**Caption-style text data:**
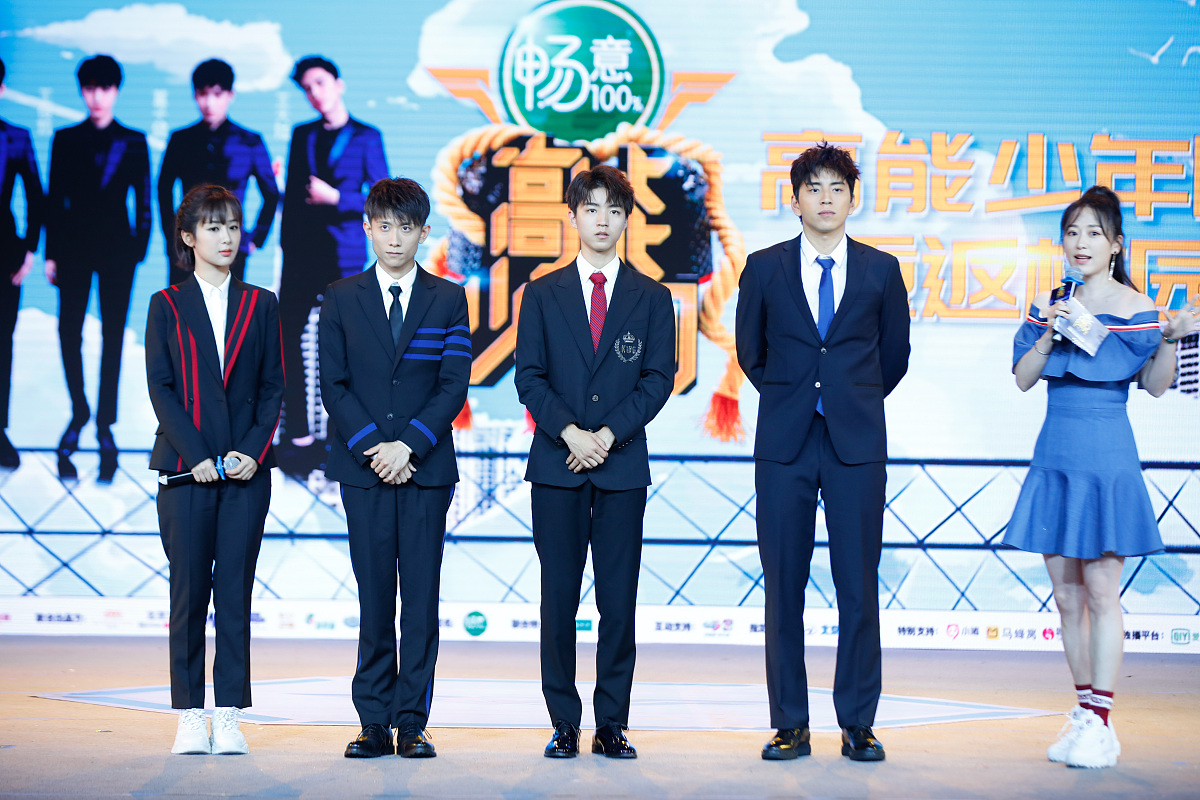 请模仿初中女生看到帅气男生时的想法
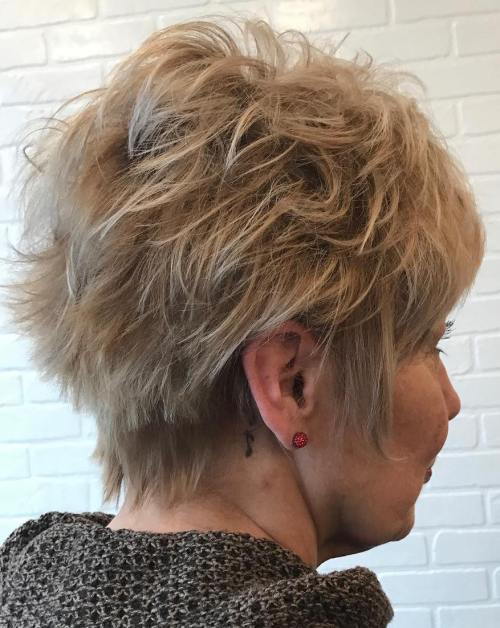 Mic de statura Spiky Hairstyle For Mature Women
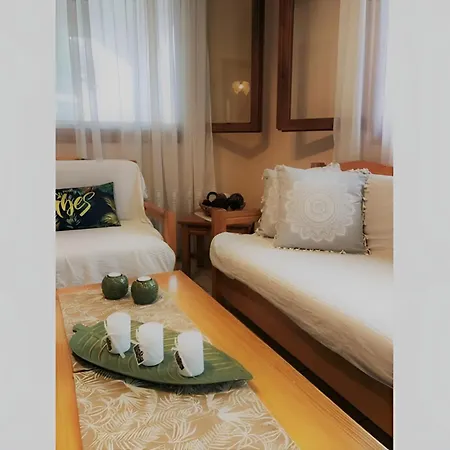 Nikos House בית נופש *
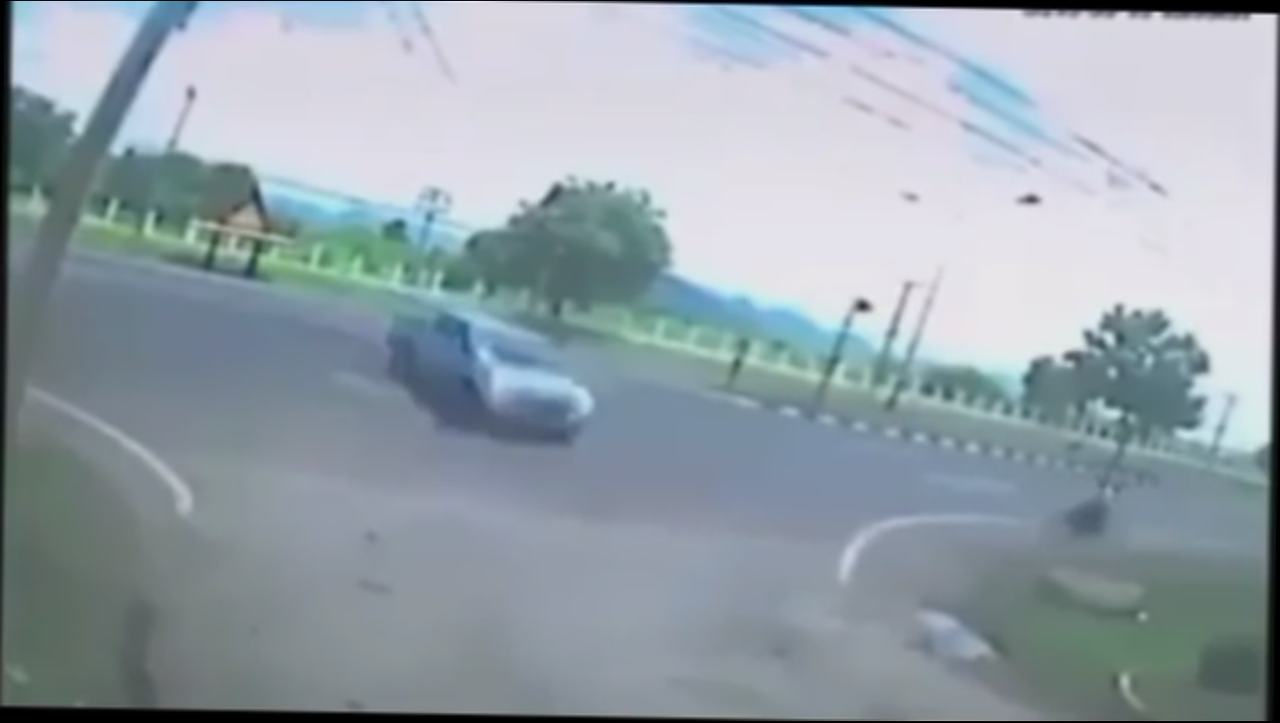 Roh keluar setelah kecelakaan motor 2016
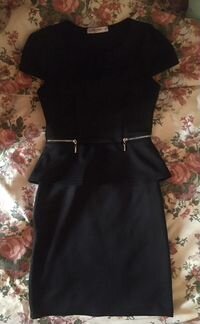 Черное платье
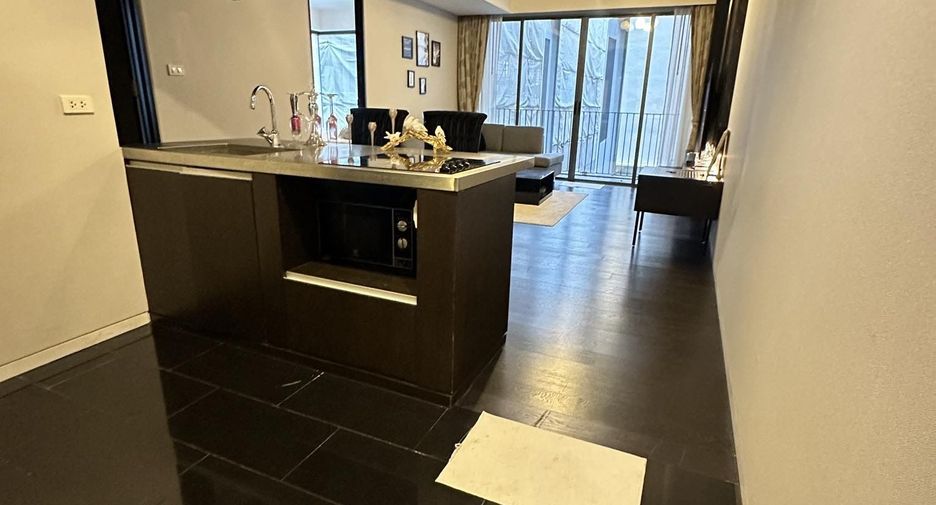 For sale and for rent 2 bedrooms condo in Watthana, Bangkok
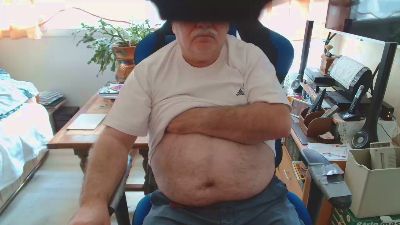 maxidoux — Cam4 stream photo (Apr 2026)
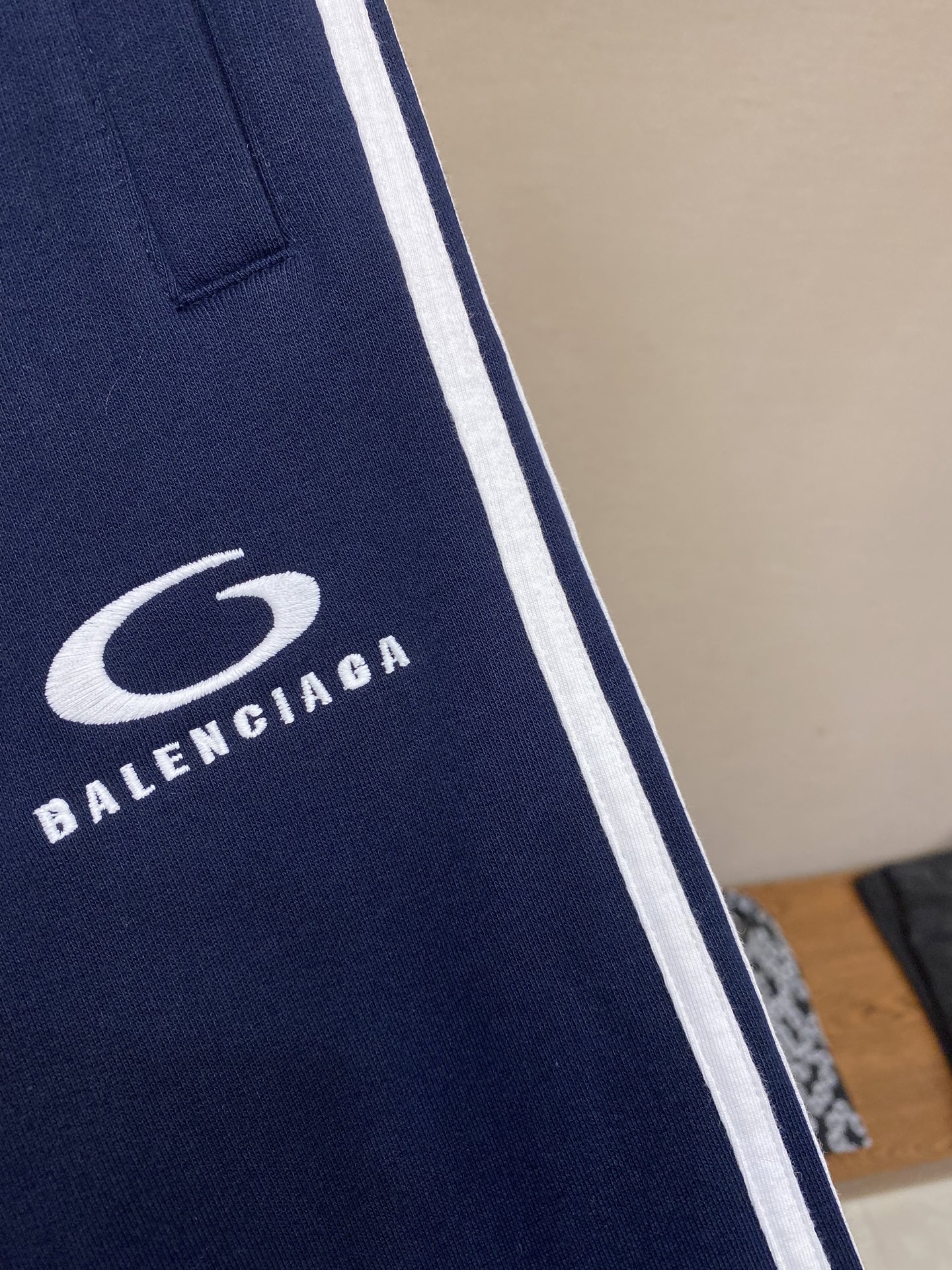 🌟🌟Balenciaga、刺绣饰边运动裤 面料选择：采用棉为基底编织而成的单面鱼鳞布面料，正面为平滑的针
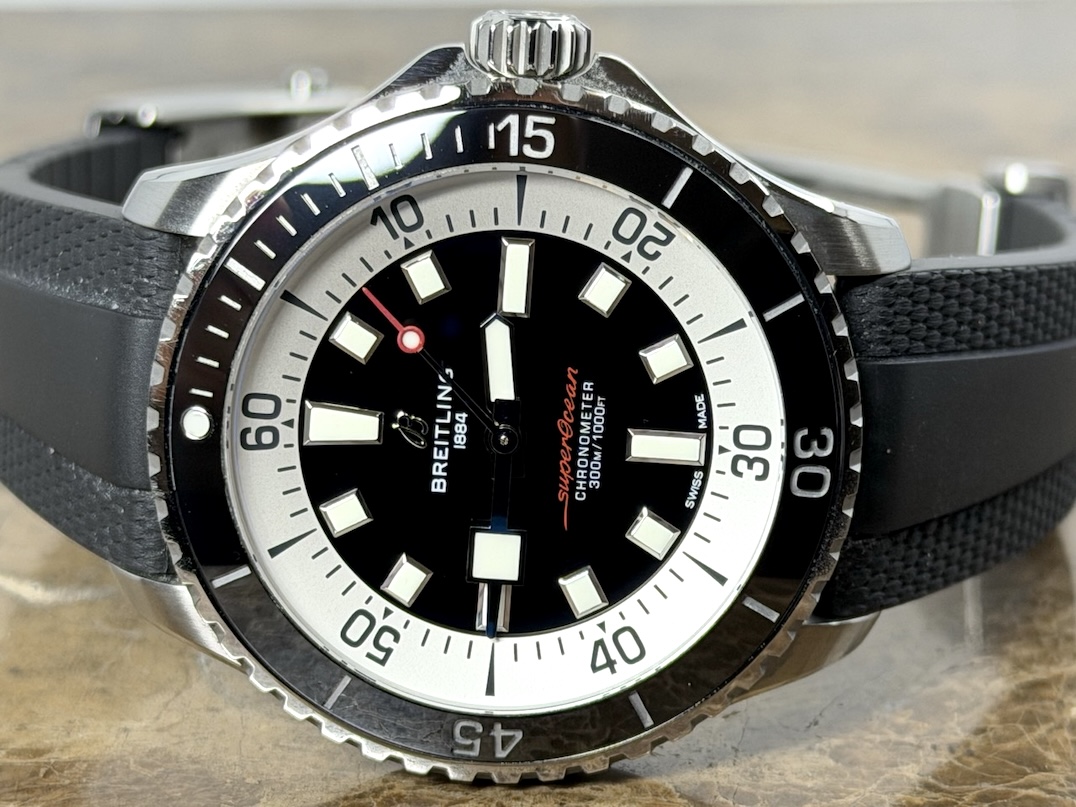 Breitling SuperOcean 42 Automatic Black Dial on a Rubber Dive strap with Breitling Box Papers Card A17375211B1S1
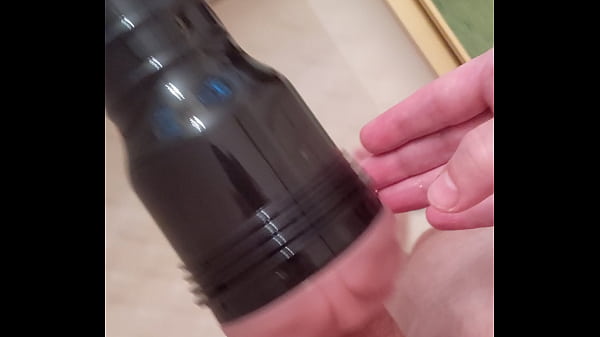 australian guy fucks and cumming in his fleshlight in the shower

**ABOUT THIS EXERCISE:** Exactly repeat only the lines from the one with "maxidoux — Cam4 stream photo (Apr 2026)" to the closing line above, both included, and omit every picture.

**OUTPUT BELOW:**
 maxidoux — Cam4 stream photo (Apr 2026)
 🌟🌟Balenciaga、刺绣饰边运动裤 面料选择：采用棉为基底编织而成的单面鱼鳞布面料，正面为平滑的针
 Breitling SuperOcean 42 Automatic Black Dial on a Rubber Dive strap with Breitling Box Papers Card A17375211B1S1
 australian guy fucks and cumming in his fleshlight in the shower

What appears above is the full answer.